Comparisons between Nox and Diablo are inevitable, if not slightly misguided. Although the two titles are nearly identical, Nox is hardly a Diablo rip-off--it's been in development since the time of Moses, or at least before Diablo was released. But there's no denying that it's walking a well-paved path. It's an action game with role-playing-game pretensions; it's played from an isometric overhead view and contains quests, inventory management, fancy spell effects, bosses, and three character classes. Sound familiar?

The Out-of-Towners

In many ways, Nox isn't as good as Diablo. Nox's single-player game is a series of linear missions played on prerendered maps. It's oddly unsettling to play a game such as this and know that it's not randomly generated; you realize that you're being led by the nose from point A to point B, and that once you've seen it all, you won't see anything new again. Nox also doesn't have Diablo's town-centric, safe-house feeling. Nox's sequence of levels dictates when you go to town, whereas Diablo gives you the option to retreat to town when things get hot or you're loaded down with loot.

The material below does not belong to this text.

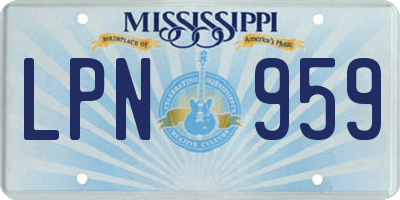 MS license plate LPN959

Nox also manages your statistics as you go up levels. This is common in console RPGs that are built around a group of prescripted characters, but it's a mistake in an action-RPG game that asks you to create, and identify with, your own character. You'll likely play through the entire game without ever checking, for instance, how high your character's strength is. Your character is defined only by his equipment. (Yes, his; there are no female characters in Nox.)

What's Hecubah to Him?

You'll find the worst RPG clichés in Nox's levels, such as FedEx missions ("Bring me my boots, and I'll reward you with a new spell and a mess of experience points"), some unimaginative key and button hunts, and searching for "stray" gold in people's houses. And Nox doesn't have nearly as much personality as Diablo. The game makes some limp efforts at NPCs, but the writing and voice acting come nowhere near Diablo's, which are done skillfully and creatively. Nox's story is utterly conventional, if you can overlook one of the most idiotic premises to ever set up a computer game: You are a guy wearing jeans, a T-shirt, and sneakers who is sucked out of a trailer park and into another world. Defeat the evil sorceress Hecubah, and you get to go back home. The back story of Westwood's Command & Conquer is like Tolstoy in comparison.

But in many other ways, Nox is actually better than Diablo. The flip side of Nox's linear, prescripted missions is that the single-player game is carefully tailored around the three classes (Conjurer, Wizard, and Warrior). Each class plays on the same maps, but in a different order and with some subtle customizations. If you're playing a Warrior, for instance, you won't find yourself bogged down with an inventory screen full of useless mana potions, wands, and high-level spell books. If you're playing a Wizard, and you kill a boss, you won't be rewarded with the "Two-Handed Sword of Omnipotence That Spellcasters Can't Use."

Nox's Wizard and Warrior classes are standard fare: the Wizard class gets to play with some powerful and insidious spells, and the Warrior class looks mighty impressive mowing through opponents like a weed whacker on a Georgia driveway. But Nox's third class, the Conjurer, is a charming nod to the early RPGs that inspired this action/RPG genre. In Nethack and Rogue, two primitive RPGs drawn with ASCII characters, you would begin the game with a pet. This little character would follow you around faithfully, learn tricks, and help you fight. There was no sadder message in the history of computer gaming than "Little dog has died."